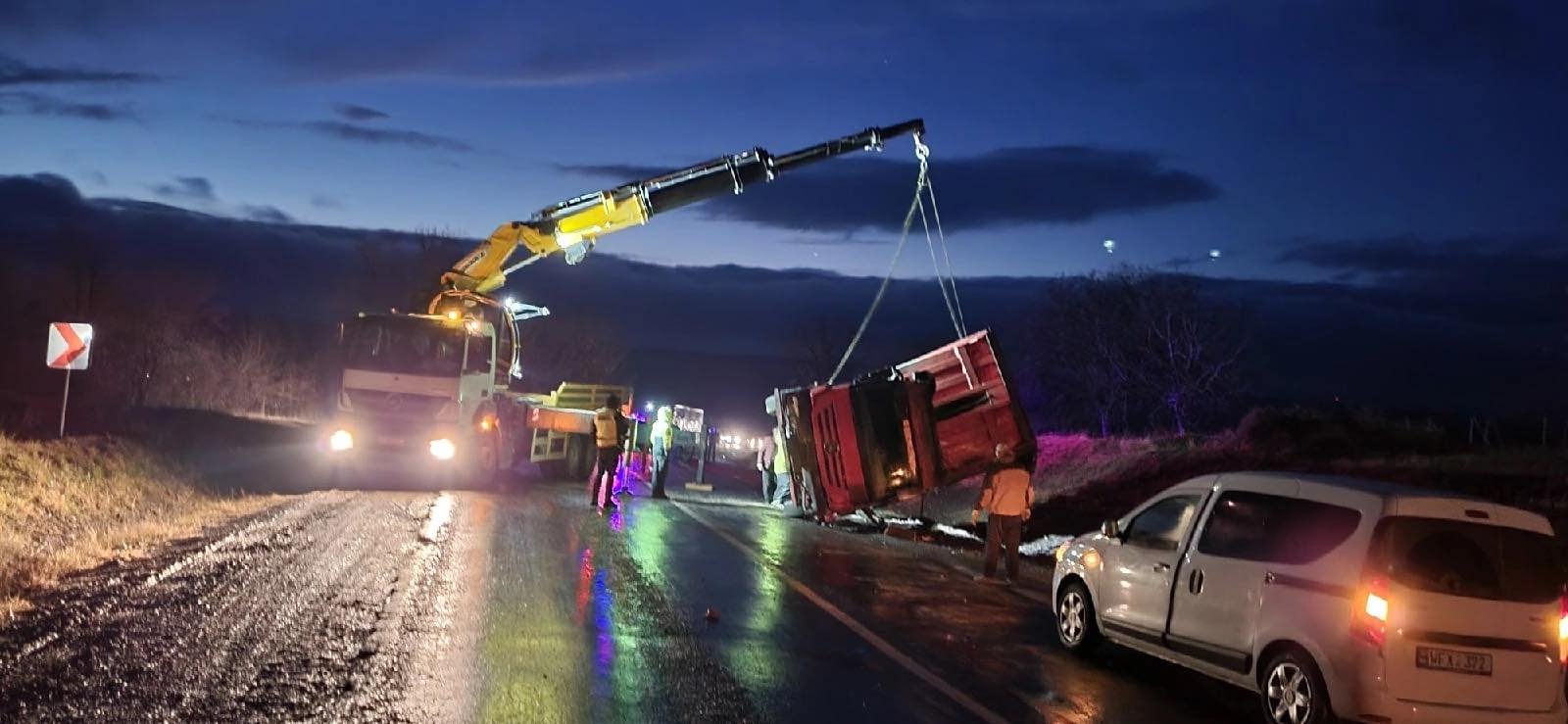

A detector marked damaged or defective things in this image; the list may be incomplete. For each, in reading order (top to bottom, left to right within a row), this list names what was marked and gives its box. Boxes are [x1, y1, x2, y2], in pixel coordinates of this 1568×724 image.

overturned red truck [764, 331, 1035, 525]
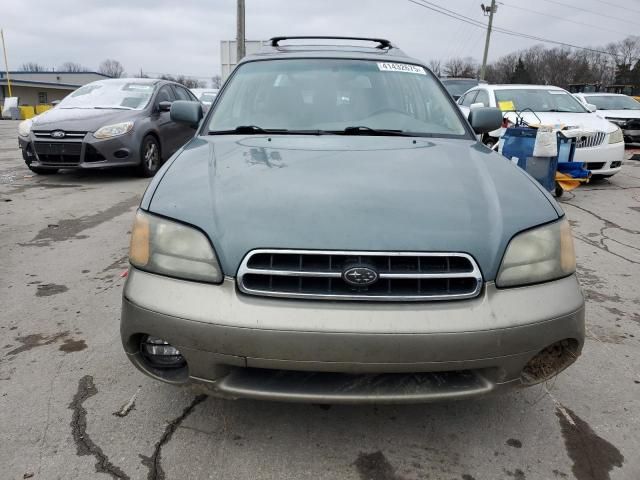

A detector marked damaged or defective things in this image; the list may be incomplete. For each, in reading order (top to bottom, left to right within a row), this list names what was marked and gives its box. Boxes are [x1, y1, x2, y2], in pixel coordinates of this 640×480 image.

cracked asphalt [0, 121, 636, 480]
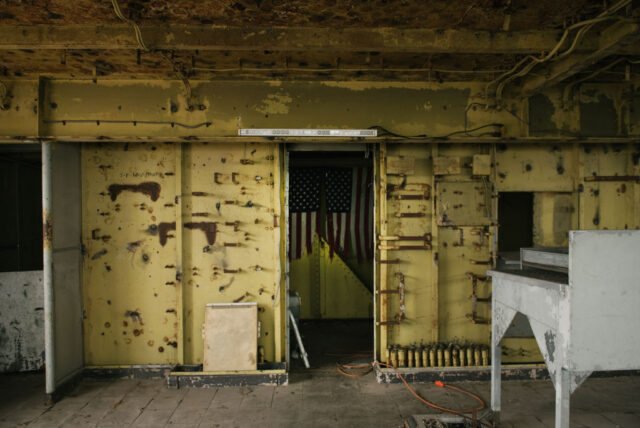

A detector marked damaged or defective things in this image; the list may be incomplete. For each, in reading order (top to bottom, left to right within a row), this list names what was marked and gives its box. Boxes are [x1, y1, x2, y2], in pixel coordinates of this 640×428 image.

rust stain [109, 182, 161, 202]
rust stain [159, 222, 178, 246]
rust stain [184, 221, 216, 244]
peeling paint surface [0, 272, 43, 372]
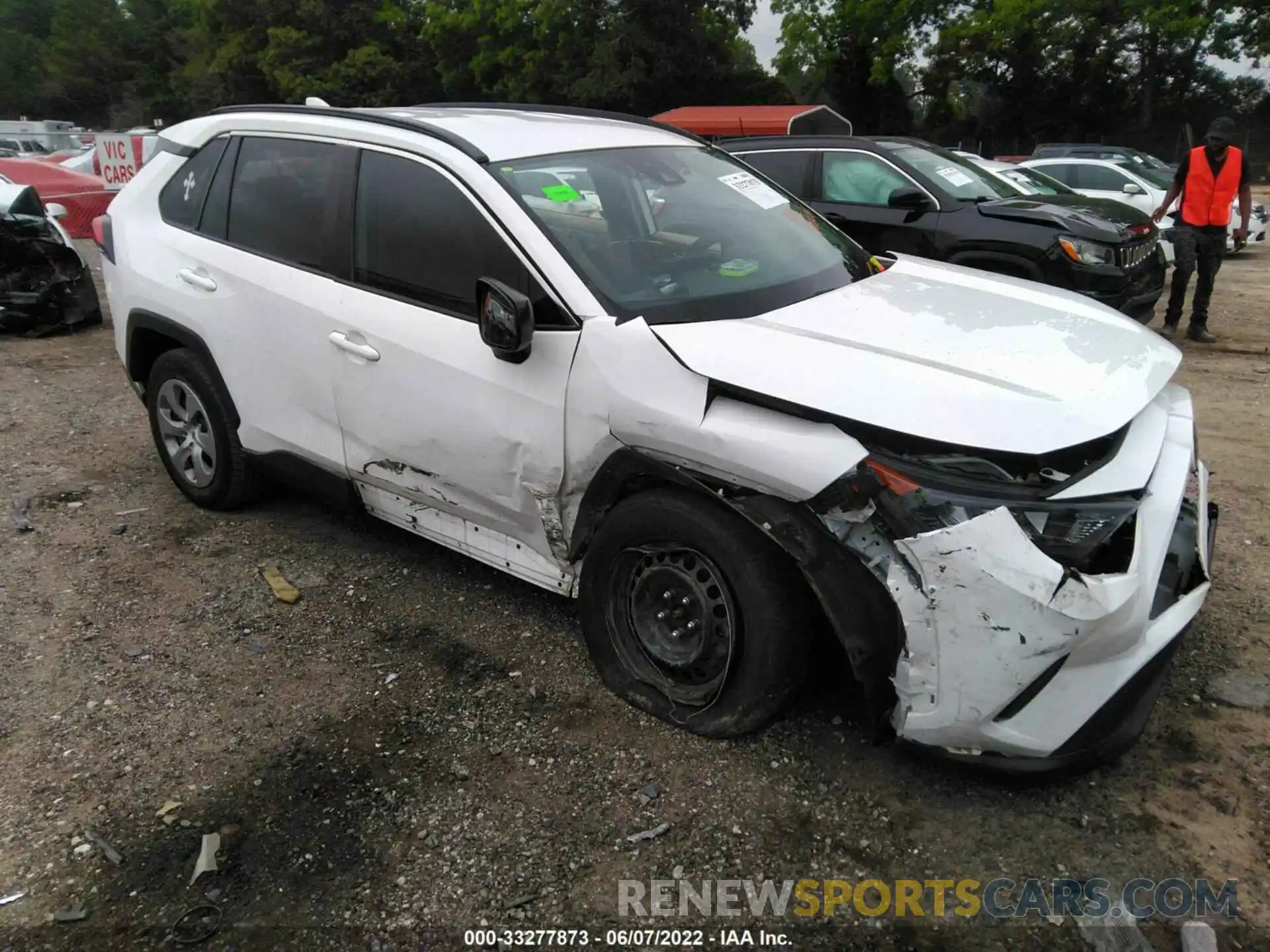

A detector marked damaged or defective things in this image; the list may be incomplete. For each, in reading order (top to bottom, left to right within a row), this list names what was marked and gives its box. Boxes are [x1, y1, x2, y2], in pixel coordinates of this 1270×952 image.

damaged white suv [99, 104, 1208, 777]
damaged white car [101, 104, 1219, 777]
dented hood [655, 257, 1178, 454]
broken headlight [863, 459, 1132, 566]
crushed front end [812, 385, 1208, 777]
damaged fender [889, 508, 1138, 751]
crumpled front bumper [884, 383, 1208, 772]
cracked bumper cover [884, 383, 1208, 772]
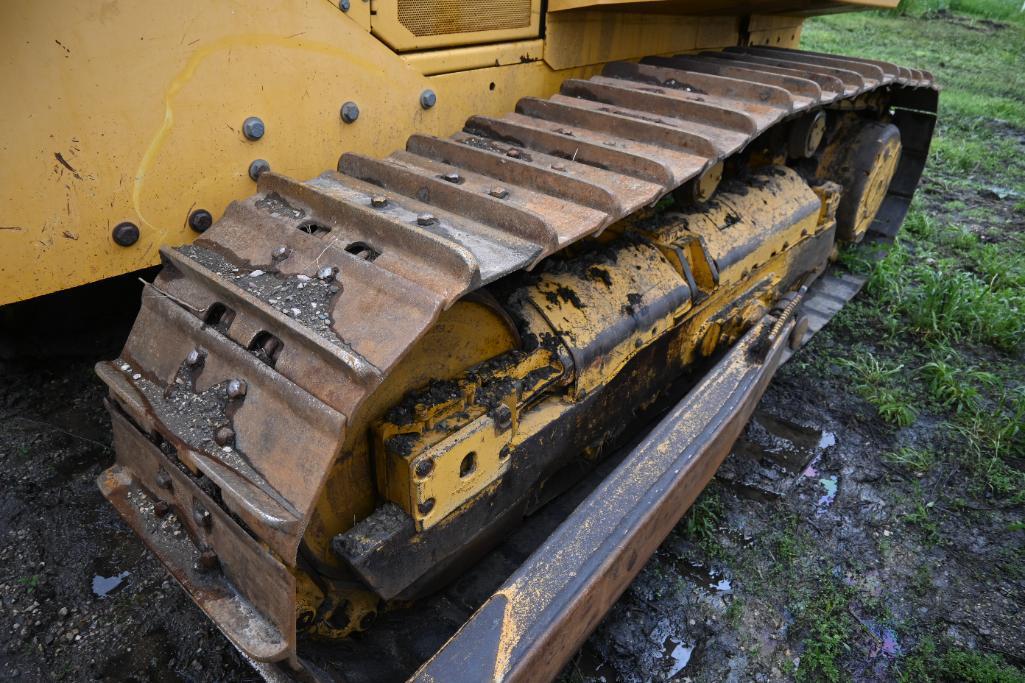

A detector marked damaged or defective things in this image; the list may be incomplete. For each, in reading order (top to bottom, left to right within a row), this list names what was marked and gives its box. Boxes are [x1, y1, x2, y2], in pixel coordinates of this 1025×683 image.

rusty steel track [96, 45, 936, 676]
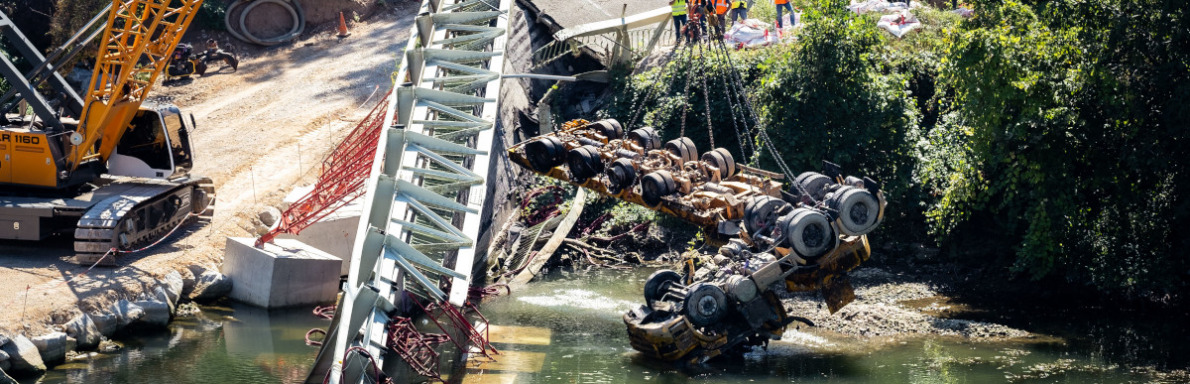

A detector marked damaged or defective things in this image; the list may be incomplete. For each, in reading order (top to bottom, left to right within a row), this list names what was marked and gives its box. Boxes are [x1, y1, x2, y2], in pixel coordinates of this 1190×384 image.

overturned truck [506, 117, 890, 363]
================================
Please write out exactly the line containing "this 1190×384 image." and every line after it through the end of the records, nothing more.

* **Worked solution**
A detector marked damaged or defective things in this image; the list may be incomplete. For each, in reading order (top to bottom, left to right within a row), this list names what was marked and gives its box. Boxes are [x1, y1, x2, y2], in pixel coordinates of this 1190×384 image.

overturned truck [506, 117, 890, 363]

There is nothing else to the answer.